While the Federal Funds Rate has strong theoretical justification as the primary monetary policy tool affecting BNPL firms' funding costs, we empirically test alternative interest rate variables to ensure we select the specification that best captures BNPL excess return sensitivity. This approach balances theoretical coherence with empirical fit, recognizing that different interest rate proxies may more directly reflect BNPL firms' actual borrowing costs or consumer credit market conditions.

We test four candidate interest rate variables: (1) **Federal Funds Rate**, the primary monetary policy tool; (2) **3-Month Treasury Rate**, a market-determined short-term risk-free rate closely related to commercial paper rates; (3) **Commercial Paper Rate**, which most directly reflects BNPL firms' wholesale funding costs; and (4) **Prime Rate**, a consumer lending benchmark that affects the credit markets where BNPL competes. Each variable is tested in a simple bivariate regression against BNPL excess returns, and we select the specification with the highest adjusted R² and strongest statistical significance.

The empirical comparison reveals which interest rate variable provides the best fit for explaining BNPL excess returns. This finding informs our model specification by identifying whether BNPL firms are most sensitive to monetary policy rates (Federal Funds Rate), market-determined short-term rates (3-Month Treasury or Commercial Paper), or consumer credit market benchmarks (Prime Rate). The selected variable is then used as the primary explanatory variable in both the baseline and refined multi-factor models, ensuring that our analysis captures the most relevant interest rate channel affecting BNPL stock performance.

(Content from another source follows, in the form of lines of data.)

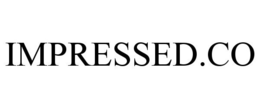 IMPRESSED.CO trademark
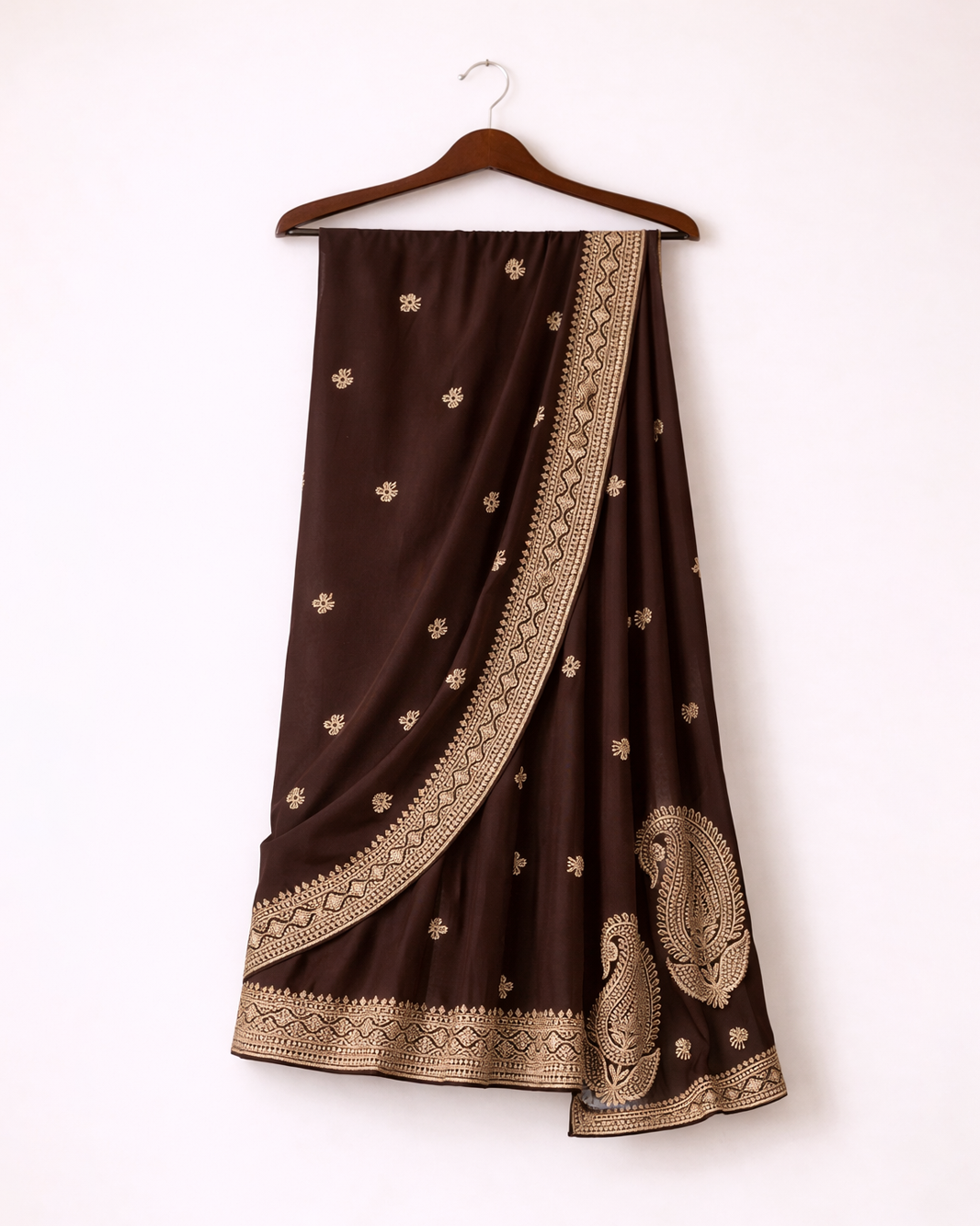 Chiffon Saree
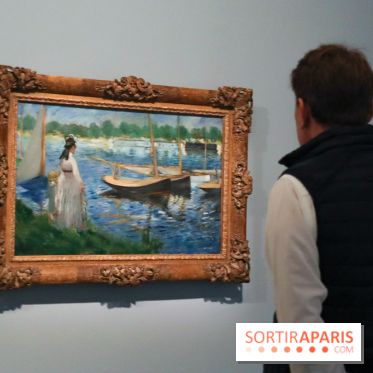 Le parti de l'impressionnisme, la collection Courtauld à la Fondation Louis Vuitton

This empirical selection process represents a key refinement of our modeling approach, moving beyond theoretical assumptions to data-driven specification. The coefficient on the selected interest rate variable in our regression models represents the sensitivity of BNPL excess returns to changes in that specific rate, controlling for other economic factors in the refined specification. This approach aligns with best practices in empirical finance, where model specification should be informed by both theoretical expectations and empirical evidence.